Faculty at McMaster University in Canada

The DeGroote School of Business is one of six faculties at McMaster University in Hamilton, Ontario, Canada. The School of Business was founded in 1952 but was renamed in 1992 in honour of successful Canadian entrepreneur and philanthropist Michael G. DeGroote. The DeGroote school offers (Hon) B.Commerce, MBA and Ph.D. degrees.

The current dean is Dr. Khaled Hassanein.

The business school is accredited by the Association to Advance Collegiate Schools of Business (AACSB).

== Commerce program ==

The school offers a Bachelor of Commerce degree. The program's first two years provide a foundation of business, while the latter two years are for specialization in a functional business area. Once students have completed their second year at the school, they are then admitted to either the honours commerce program or to the regular B.Comm program. To enter into the honours program, students must have completed all required courses with no failures and have a cumulative average of at least 5.0. After the third year, DeGroote Commerce students have an internship option, with a term of 12 to 16 months. Partners for the internship program include Procter & Gamble, RBC, CIBC, CPPIB, Dofasco, Manulife, Deloitte, IBM, Microsoft, Ford and others.

== MBA program ==

The MBA program was introduced in 1962 and in 1973, the Co-op MBA option was added. DeGroote is differentiated from other Canadian business schools by its focus on experiential learning through co-op. Also unique to DeGroote is a specialization in Health Services Management. A typical graduating class consists of 30% Finance, 30% Health, and 25% Marketing majors; the school also offers Accounting, Strategic Business Valuation, eBusiness, Innovation & New Technology, Operations Management, Information Systems and Human Resources streams. Because of the co-op option, the school's average age is relatively young (typically 25–26 at admission); the co-op MBA is the longest full-time MBA in Canada, at 28 months.

== Master of Finance Program ==

The Master of Finance program at the DeGroote School of Business provides students with an in-depth training in finance, emphasizing the development of the analytical skills required to address the increasingly complex problems faced by the financial industry.

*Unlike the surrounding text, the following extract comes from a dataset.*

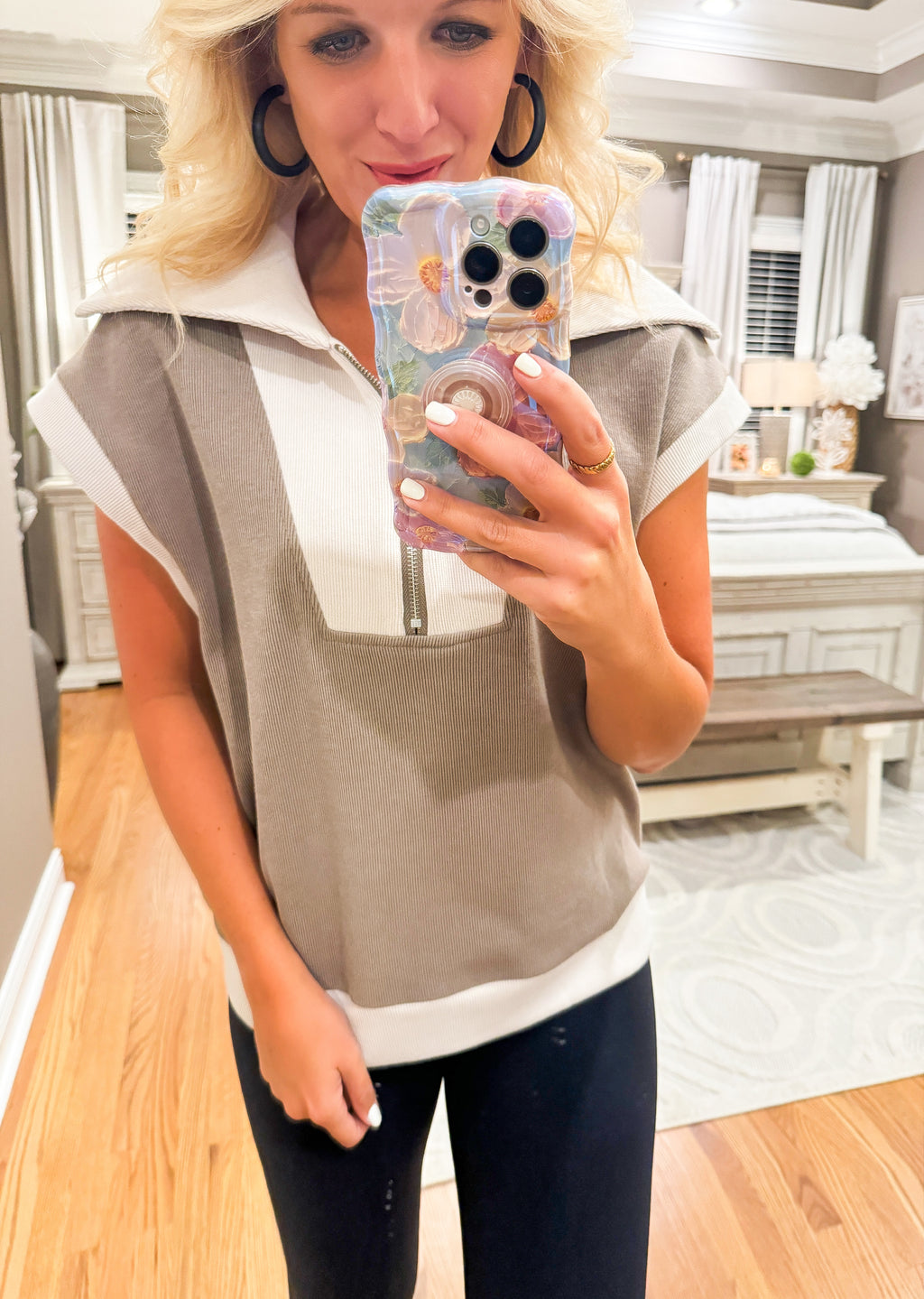 Mocha & Cream Colorblock Short Sleeve Zipper Top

== Allen H. Gould Trading Floor ==

The school also houses the Allen H. Gould Trading Floor, an educational tool that enables students to experience the relationships and interactions of the financial markets. It is one of the first such facilities in North America, one of three in Canada, and one of only 30 in the world.

== Suspensions ==

In 2013, a tribunal made up of 3 professors recommended suspensions for five tenured professors due to violations of the school's anti-discrimination policy. Other faculty members protested the suspensions. An Ontario court later reduced the suspensions and ordered compensation.